» What is required: An exact transcription of every entry is required. Images are not part of it.

Captioned web images:
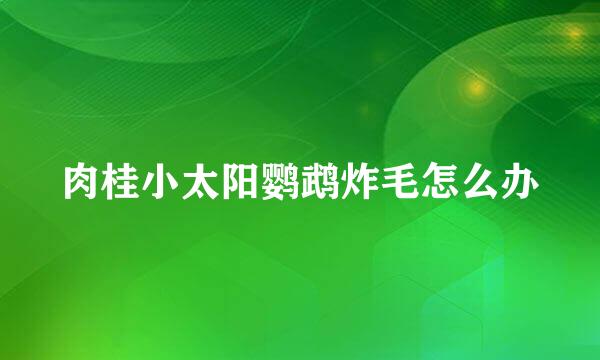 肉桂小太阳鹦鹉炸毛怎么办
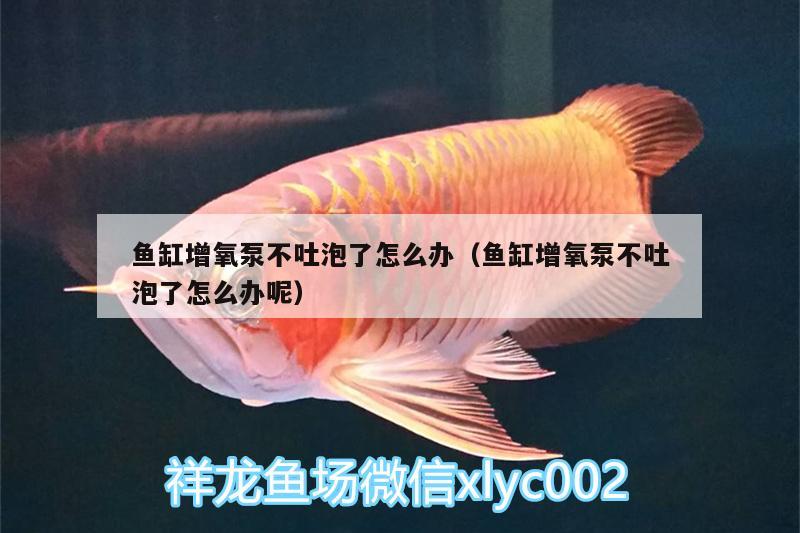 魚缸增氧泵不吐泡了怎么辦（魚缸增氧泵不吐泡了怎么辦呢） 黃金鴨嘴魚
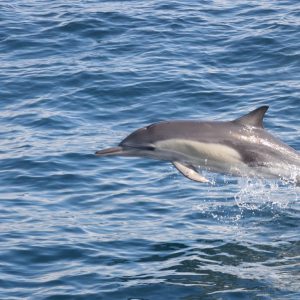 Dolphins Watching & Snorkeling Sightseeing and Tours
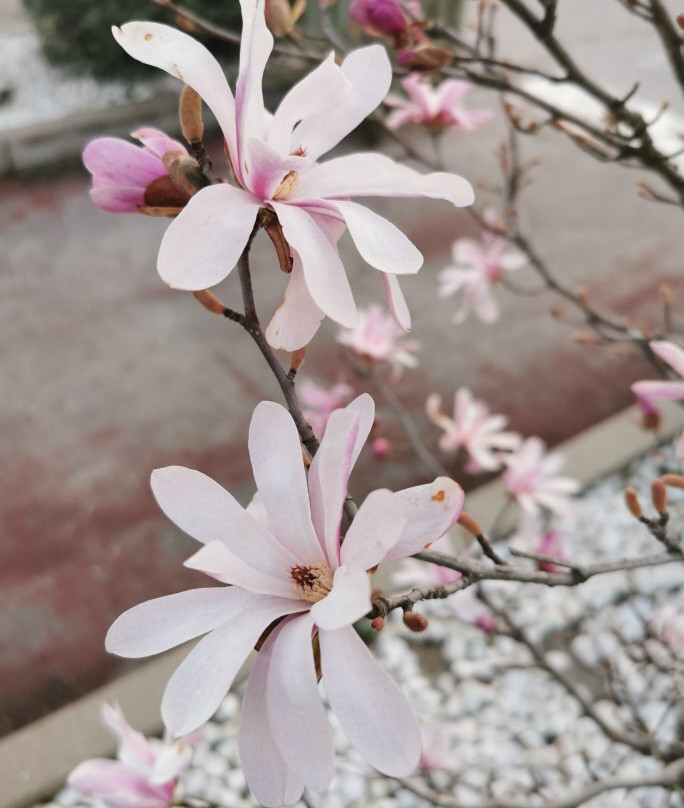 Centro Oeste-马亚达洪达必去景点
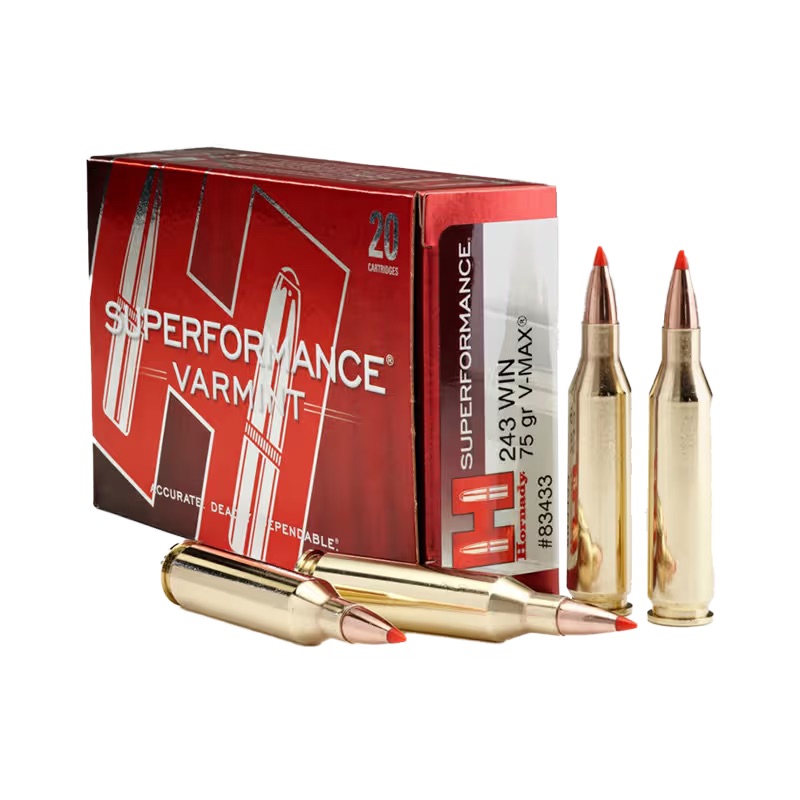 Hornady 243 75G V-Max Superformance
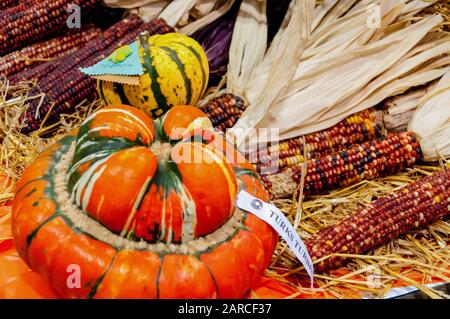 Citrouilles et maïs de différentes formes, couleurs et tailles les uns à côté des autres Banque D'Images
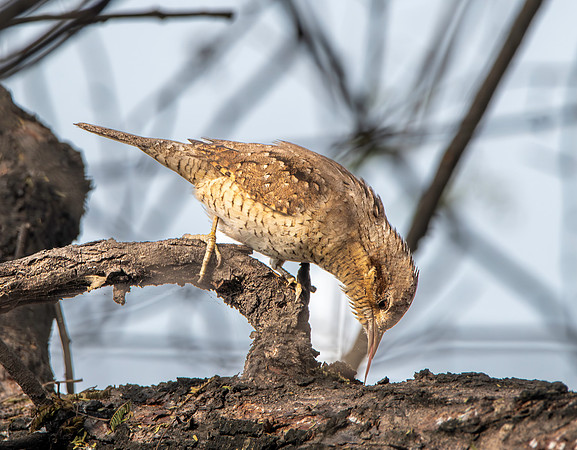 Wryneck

» Output below:
 肉桂小太阳鹦鹉炸毛怎么办
 魚缸增氧泵不吐泡了怎么辦（魚缸增氧泵不吐泡了怎么辦呢） 黃金鴨嘴魚
 Dolphins Watching & Snorkeling Sightseeing and Tours
 Centro Oeste-马亚达洪达必去景点
 Hornady 243 75G V-Max Superformance
 Citrouilles et maïs de différentes formes, couleurs et tailles les uns à côté des autres Banque D'Images
 Wryneck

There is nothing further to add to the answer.